◆ **DATA SEGMENT**
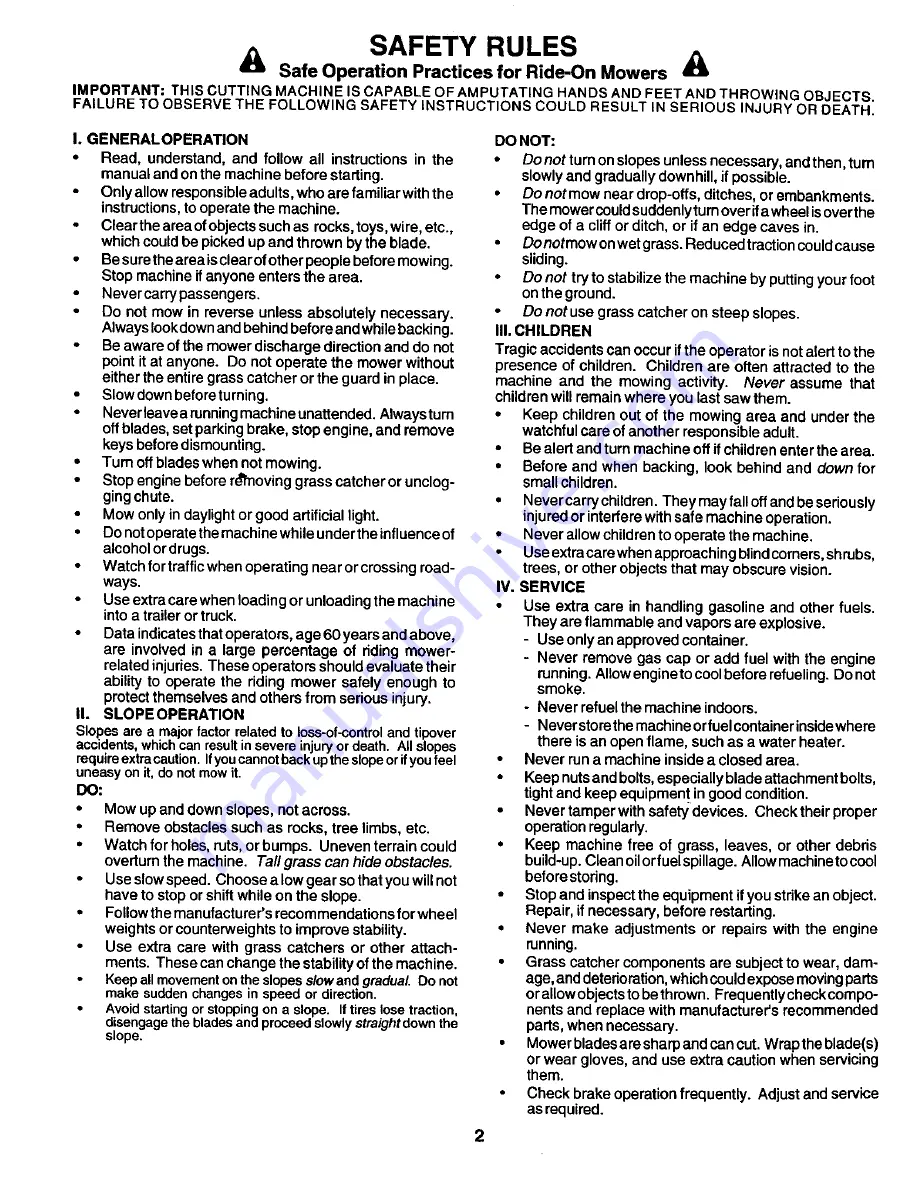 Craftsman 944.600880 Owner'S Manual Download Page 2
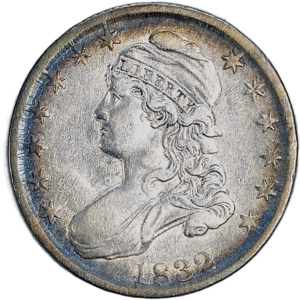 1832 Capped Bust Half Overton 114 Obverse View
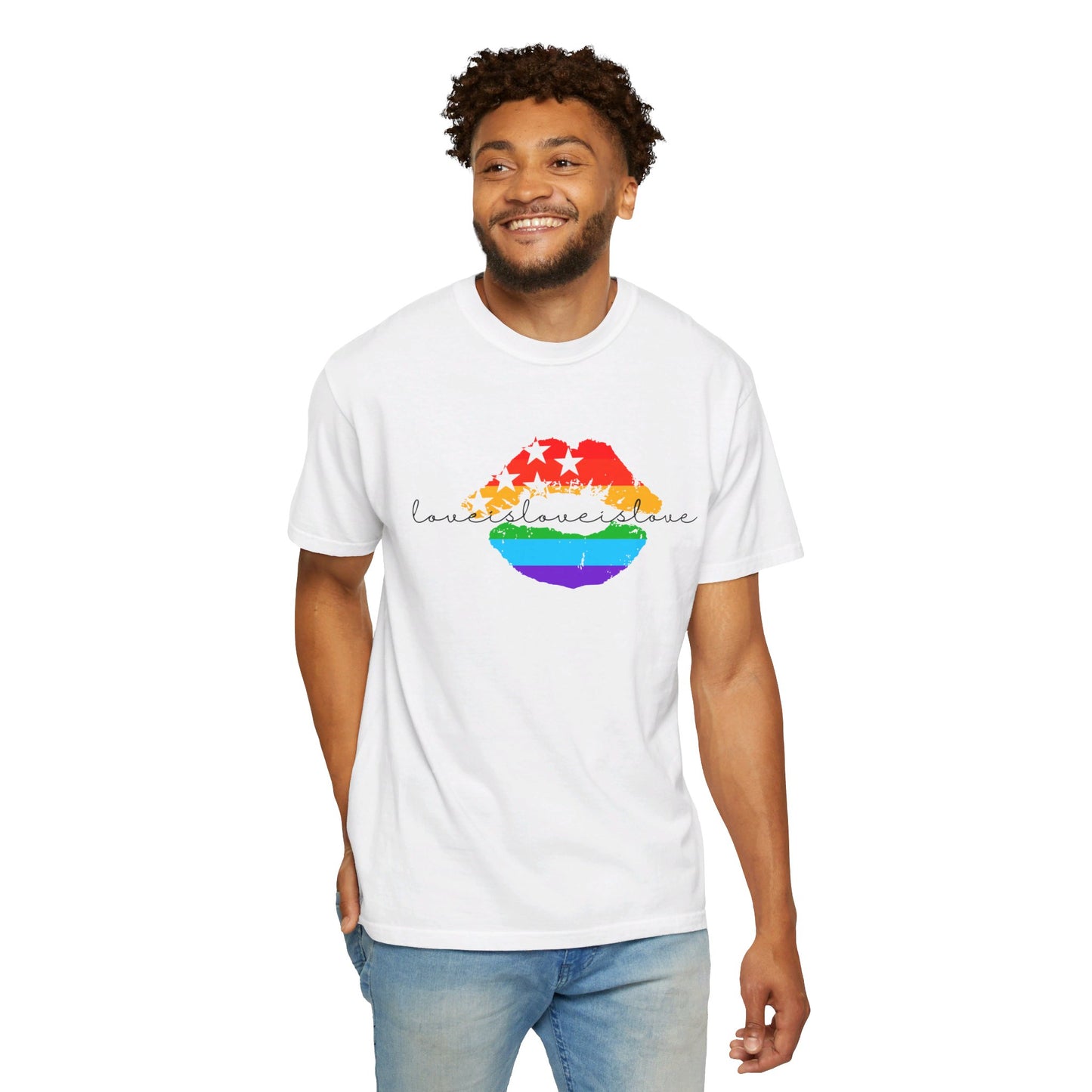 Pride Lips Tee, Love Is Love, Celebrating All Love LGBTQ+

◆ **ABOUT THIS TASK**
Beginning with the line that holds "1832 Capped Bust", output each line to the end of the material above, exactly, omitting the pictures.

◆ **REPLY**
 1832 Capped Bust Half Overton 114 Obverse View
 Pride Lips Tee, Love Is Love, Celebrating All Love LGBTQ+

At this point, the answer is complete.